How to understand this?
Intuitively speaking, a proposition is a claim, a claim of something to be true. So we can define a data type(inductive data type as in dependent type theory) which is in equivalent to the claim(Or just define the data type recursively following the deduction definition of the claim). By doing so, if we can successfully implement an instance(or term, or element) of this data type, we are just proving the claim to be true!(i.e. the proposition is proved). On the contrary, if we can see the data type(the set) to be empty, then the proposition can not be proved.
Always, there are multiple ways to prove a proposition. Equivalently, there are multiple terms(or element) belonging to(or inside) the same data type. To prove a proposition, we just need one way of proving. Correspondingly, we just need to build one term belonging to that data type.

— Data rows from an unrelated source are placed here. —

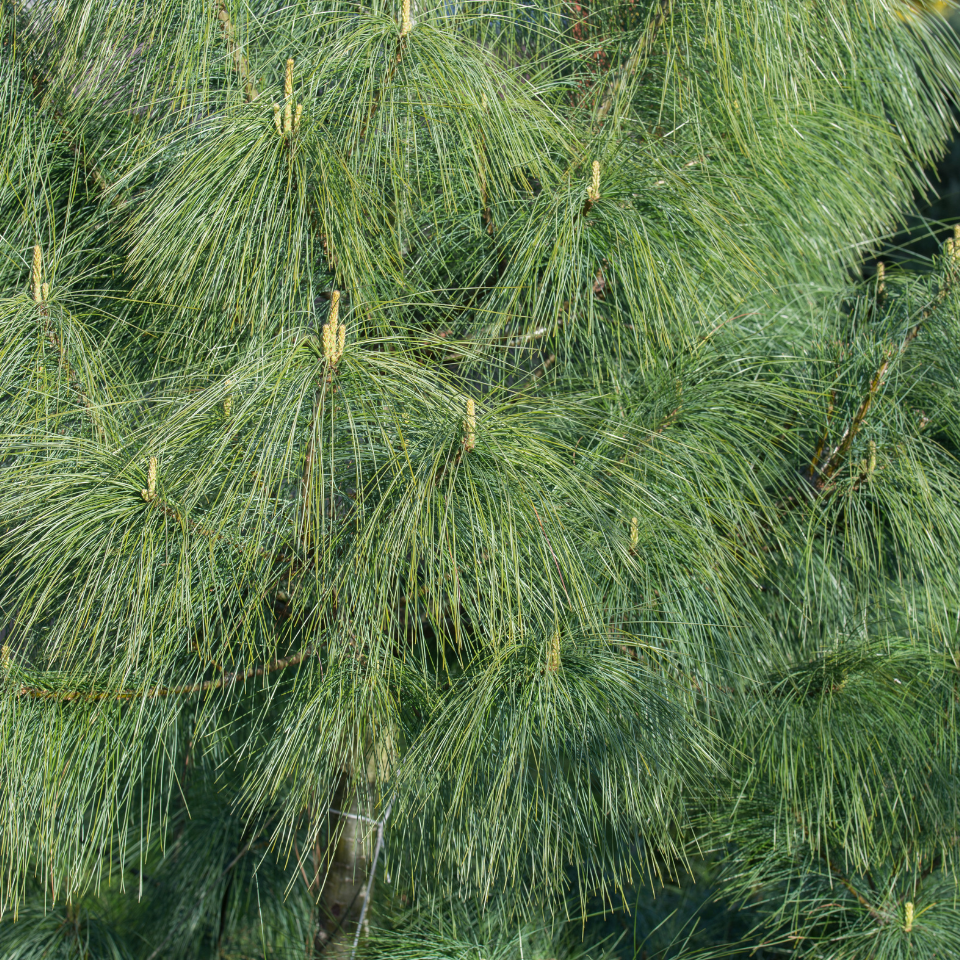 Excelsa Pine, Pinus Wallichiana seeds - 20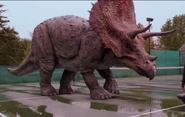 BreakthroughTriceratops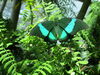 Filename=20180713_053.jpg
Filesize=592KiB
Dimensions=2048x1536
Date added=Dec 26, 2018 20180713_053.jpg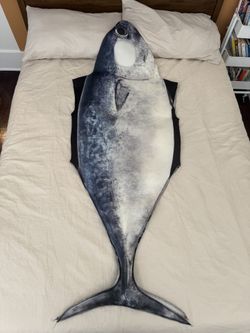 Fish Costume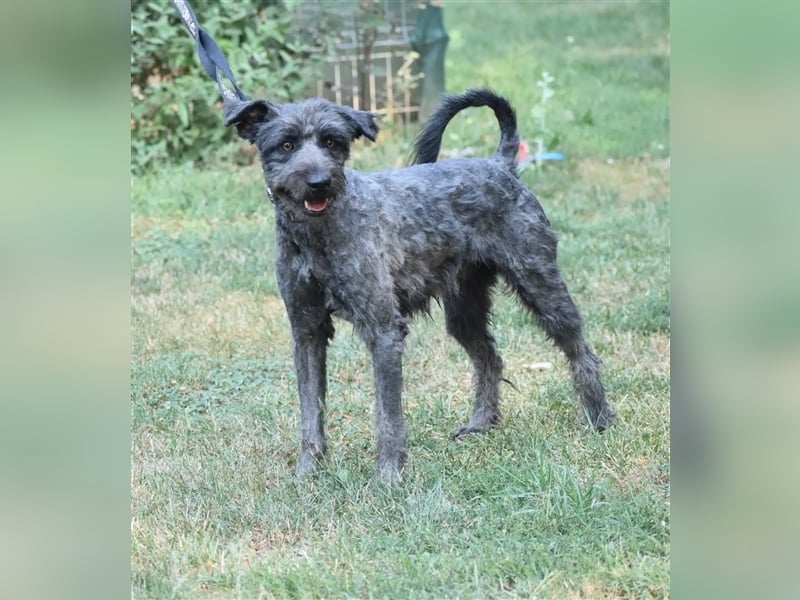 Lieber Schnauzer-Mischling „Jupiter“, ca. 2021 geboren, sucht eine neue Aufgabe.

That begins the story of automated proof assistant.
To demonstrate the idea, let me show you an example using Agda:
Proposition as type has a direct consequence, that is, mainly, we prove by constructing.
infix 4 _==_
data _==_ {a} {A : Set a} (x : A) : A -> Set a where
instance refl : x == x
{-# BUILTIN EQUALITY _==_ #-}The code above just defines a data type: ==, and has only one constructor: refl. Then, if we want to prove two terms are in equal, we just need to use these two terms to construct a term/element of == type. For example:
sym : {l : Level} -> {A : Set l} {x y : A} -> x == y -> y == x
sym refl = reflThis example says, given the assumption that x==y, we want to prove y==x, that is, the equality is of reflexivity.
To prove this, we firstly build a term of assumption x==y. This is constructed by refl, that is, we need to find a term that has type x==y, but according to the definition of the family of _==_ type, we only have one constructors refl which represents x==x type. Agda finds that the only way to do so is to have a constraint on what x and y could be: they should be identical!.
And similarly, we also have the term of second type y == x by using refl constructor too! Note that we can do so because the term we put into {} is implicit, meaning that we can allow Agda to do the type inference for us. And remember sym is indeed a function, which given a term of the assumption type, return a term of the correspondence type.
So the prove of {l : Level} -> {A : Set l} {x y : A} -> x == y -> y == x is constructed in such a way, that, since the only member of equality is refl, the equality should obey reflexivity. Look how Agda see this from a constructive perspective: it search for the possibility to build an algebra stucture, and through building, it proves the property of that algebra structure. This is a type theory perspective, not the same as set theory perspective, but they are always reaching the same point.